Calvo y cabezón, de tumultuoso bigote, con la espalda de un estibador y la irritabilidad nerviosa de una joven amante, según su propio autorretrato, enfermizo, sumido siempre en problemas de dinero y en virulentos conflictos familiares, 58 años le alcanzaron a Gustave Flaubert para escribir un puñado de libros únicos, con los que atraviesa, imperturbable, el fárrago de los siglos y las oleadas de modas y corrientes. El próximo domingo se cumplen doscientos años del nacimiento de un escritor que en su obra se propuso ser como Dios: presente siempre, visible en ningún lugar.

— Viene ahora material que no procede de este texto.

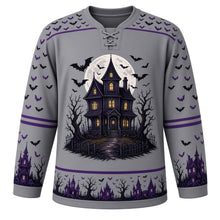 Load image into Gallery viewer, Ugly Halloween Haunted House Hill Hockey Jersey in Graveyard Gray, front view – graveyard gray body with a haunted Victorian house on a hill crest with glowing windows, creepy eyes, full moon, bats and dead trees, bat yoke, haunted house sleeve bands and a glowing window hem band – custom name and number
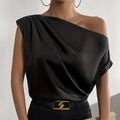 Black satin solid color asymmetrical one-shoulder top with draped fabric and sleek minimalist design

Comencemos con el cuento de la vida, como indica el manual. En la episcopal ciudad de Ruan, de abundantes callejuelas y bajo el reflejo de sus innúmeras iglesias, cerca del sitio donde trescientos noventa años antes fuera martirizada la Doncella de Orleans, nació Gustave Flaubert, el 12 de diciembre de 1821. Abrió los ojos al mundo en una sala del Hospital de Ruan, donde su padre era cirujano jefe. Muchos años después de muerto el escritor, para fomentar el turismo temático propiciado por el hijo más ilustre de la ciudad, se levantó un museo en el antiguo hospital, reconstruyéndose no sólo la habitación en la que nació y fue arropado el bebé sino también, entre otro mobiliario, la silla a la que el cirujano ataba a sus pacientes para operarlos.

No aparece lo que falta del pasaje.